Though I admired President Johnson's important role in the civil rights battle, that was about as far as I went in supporting his legislative programs. A self-described Roosevelt New Dealer, he wanted the initials “LBJ” to be remembered as fondly as FDR's in the history books, and promptly proposed a host of big government programs under the rubrics of the War on Poverty and the Great Society. I thought most of his initiatives, which promised more power for bureaucrats in Washington, were not well considered. But Republicans did not have large enough numbers in Congress to slow even marginally the rush of Great Society legislation.

Moving into the presidential election less than a year after John Kennedy's assassination, LBJ was on a quest for his own validation, an electoral triumph that he hoped would shatter all records. The year 1964 was my first reelection campaign and the first presidential campaign I was involved in as an elected official. As it turned out, I had a front-row ticket to a Titanic-sized defeat.

 

T
he Democrats knew it would be hard for a still-grieving country to turn its back on the man who had been John F. Kennedy's handpicked vice president, and they made the most of their advantage. At the 1964 Democratic National Convention, the slogan emblazoned across the stage wasn't exactly subtle. Playing off of a line in Kennedy's well-known inaugural address—“Let us begin”—the Johnson convention theme was: “Let us continue.” LBJ's acceptance speech referenced his predecessor six times. Notably the word that would be his eventual undoing—“Vietnam”—did not merit a single mention, despite the 23,300 American troops there on the ground.
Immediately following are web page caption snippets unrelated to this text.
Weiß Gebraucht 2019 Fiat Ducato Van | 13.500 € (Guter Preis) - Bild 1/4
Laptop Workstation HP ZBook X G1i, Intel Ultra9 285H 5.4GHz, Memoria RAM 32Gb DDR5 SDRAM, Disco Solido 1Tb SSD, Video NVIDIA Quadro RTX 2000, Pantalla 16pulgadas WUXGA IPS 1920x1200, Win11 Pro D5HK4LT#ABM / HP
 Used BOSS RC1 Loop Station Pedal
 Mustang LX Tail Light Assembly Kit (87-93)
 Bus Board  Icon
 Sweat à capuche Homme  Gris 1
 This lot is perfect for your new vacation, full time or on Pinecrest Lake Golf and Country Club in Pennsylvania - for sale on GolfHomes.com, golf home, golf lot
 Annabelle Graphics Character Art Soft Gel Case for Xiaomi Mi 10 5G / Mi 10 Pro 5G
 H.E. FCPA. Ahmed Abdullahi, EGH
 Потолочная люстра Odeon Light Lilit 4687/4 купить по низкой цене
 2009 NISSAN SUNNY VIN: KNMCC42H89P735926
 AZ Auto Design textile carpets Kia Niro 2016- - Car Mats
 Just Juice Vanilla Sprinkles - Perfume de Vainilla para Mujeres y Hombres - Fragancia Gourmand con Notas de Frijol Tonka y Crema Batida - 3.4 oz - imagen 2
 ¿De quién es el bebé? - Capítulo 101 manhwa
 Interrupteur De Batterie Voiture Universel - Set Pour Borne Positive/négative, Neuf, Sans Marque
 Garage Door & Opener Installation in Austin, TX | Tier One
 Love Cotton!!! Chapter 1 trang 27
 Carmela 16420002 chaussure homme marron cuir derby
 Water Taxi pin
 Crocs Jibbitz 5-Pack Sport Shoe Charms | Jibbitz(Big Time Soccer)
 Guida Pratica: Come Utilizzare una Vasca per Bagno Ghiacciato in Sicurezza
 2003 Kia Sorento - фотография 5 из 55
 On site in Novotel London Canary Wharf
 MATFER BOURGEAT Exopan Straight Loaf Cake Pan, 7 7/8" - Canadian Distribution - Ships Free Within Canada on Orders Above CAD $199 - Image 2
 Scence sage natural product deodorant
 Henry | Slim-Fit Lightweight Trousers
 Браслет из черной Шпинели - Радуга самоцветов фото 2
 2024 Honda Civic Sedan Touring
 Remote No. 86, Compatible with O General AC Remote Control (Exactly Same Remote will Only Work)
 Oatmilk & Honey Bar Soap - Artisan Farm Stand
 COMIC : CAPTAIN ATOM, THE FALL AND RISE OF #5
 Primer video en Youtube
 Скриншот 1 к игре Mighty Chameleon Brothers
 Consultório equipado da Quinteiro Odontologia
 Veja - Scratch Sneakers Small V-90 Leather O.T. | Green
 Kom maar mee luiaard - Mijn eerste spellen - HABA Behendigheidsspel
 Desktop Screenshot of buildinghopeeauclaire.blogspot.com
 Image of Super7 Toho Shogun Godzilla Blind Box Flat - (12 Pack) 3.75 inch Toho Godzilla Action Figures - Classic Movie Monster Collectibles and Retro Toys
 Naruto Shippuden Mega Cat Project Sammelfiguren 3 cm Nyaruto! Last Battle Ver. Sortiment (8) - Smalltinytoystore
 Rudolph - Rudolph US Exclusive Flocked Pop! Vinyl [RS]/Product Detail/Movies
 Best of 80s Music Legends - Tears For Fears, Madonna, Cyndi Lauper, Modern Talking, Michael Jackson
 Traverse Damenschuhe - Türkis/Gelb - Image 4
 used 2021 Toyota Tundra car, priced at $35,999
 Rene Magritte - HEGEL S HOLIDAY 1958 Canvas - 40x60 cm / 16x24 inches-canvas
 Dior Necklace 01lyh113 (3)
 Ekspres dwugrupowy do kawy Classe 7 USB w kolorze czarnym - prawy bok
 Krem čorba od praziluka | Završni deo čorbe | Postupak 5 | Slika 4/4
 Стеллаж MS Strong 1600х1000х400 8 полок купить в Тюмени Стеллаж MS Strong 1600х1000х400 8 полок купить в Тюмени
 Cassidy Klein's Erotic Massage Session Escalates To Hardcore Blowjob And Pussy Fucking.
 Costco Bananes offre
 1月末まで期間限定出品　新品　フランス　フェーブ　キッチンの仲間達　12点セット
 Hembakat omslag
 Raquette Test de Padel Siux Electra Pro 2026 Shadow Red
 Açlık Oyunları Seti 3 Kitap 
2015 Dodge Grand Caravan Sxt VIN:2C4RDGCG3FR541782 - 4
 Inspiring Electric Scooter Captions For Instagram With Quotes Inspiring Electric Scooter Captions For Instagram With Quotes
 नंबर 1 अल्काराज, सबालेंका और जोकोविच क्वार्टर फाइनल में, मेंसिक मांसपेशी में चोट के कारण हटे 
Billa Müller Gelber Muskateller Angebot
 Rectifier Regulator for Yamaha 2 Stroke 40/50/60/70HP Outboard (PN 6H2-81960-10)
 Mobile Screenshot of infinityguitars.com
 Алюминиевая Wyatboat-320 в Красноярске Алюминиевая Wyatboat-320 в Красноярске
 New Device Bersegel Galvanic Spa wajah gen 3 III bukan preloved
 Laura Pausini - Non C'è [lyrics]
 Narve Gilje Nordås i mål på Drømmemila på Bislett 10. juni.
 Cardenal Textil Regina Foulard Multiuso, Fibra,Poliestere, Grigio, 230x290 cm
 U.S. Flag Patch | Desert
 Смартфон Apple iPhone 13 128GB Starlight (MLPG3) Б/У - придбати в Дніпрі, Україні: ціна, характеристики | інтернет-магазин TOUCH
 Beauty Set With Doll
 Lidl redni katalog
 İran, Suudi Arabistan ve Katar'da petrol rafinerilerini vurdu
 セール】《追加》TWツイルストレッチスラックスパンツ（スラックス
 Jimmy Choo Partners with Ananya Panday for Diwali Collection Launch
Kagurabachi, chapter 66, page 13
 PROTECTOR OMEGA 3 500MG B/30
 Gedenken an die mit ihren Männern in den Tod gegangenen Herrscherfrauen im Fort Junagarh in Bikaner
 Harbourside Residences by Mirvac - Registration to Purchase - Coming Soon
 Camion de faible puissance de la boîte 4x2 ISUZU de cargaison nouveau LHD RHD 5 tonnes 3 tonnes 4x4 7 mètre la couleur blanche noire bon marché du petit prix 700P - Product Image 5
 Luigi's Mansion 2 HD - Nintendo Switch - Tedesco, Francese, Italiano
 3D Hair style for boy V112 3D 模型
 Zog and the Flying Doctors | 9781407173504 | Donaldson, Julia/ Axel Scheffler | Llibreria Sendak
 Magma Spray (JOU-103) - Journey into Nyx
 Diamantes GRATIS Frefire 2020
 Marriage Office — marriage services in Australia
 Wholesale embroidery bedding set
If it seemed like voting against LBJ would be a vote against John F. Kennedy, Johnson apparently was fine with that. The Republicans, in effect, were battling two presidents at once: one martyred and one sitting. That meant the GOP needed to run a pitch-perfect campaign. What we got was quite the opposite.

The Republicans did not have many outstanding widely known contenders in 1964. The man who once had seemed likely to be the front-runner, Richard Nixon, had suffered an embarrassing defeat in his race for governor of California two years earlier. By all accounts, including his own, he was through with politics. After losing his bruising gubernatorial bid, Nixon bitterly told the assembled press corps, “You won't have Nixon to kick around anymore.”
17
He seemed to reiterate the sentiment in the congratulatory note he sent to me (and, I assume, to other victorious Republican candidates) that year. “As I leave the political arena,” Nixon wrote, “I am greatly heartened by the fact that you will be in there fighting for our cause.”
18

Nelson Rockefeller, the governor of New York, was making his second run for the presidency but was considered too liberal to win the nomination. Governor Bill Scranton of Pennsylvania, a former member of Congress and a fine public servant, started too late to make a viable run. That left Senator Barry M. Goldwater, who locked up the delegates needed to win the nomination after a long, well-organized effort.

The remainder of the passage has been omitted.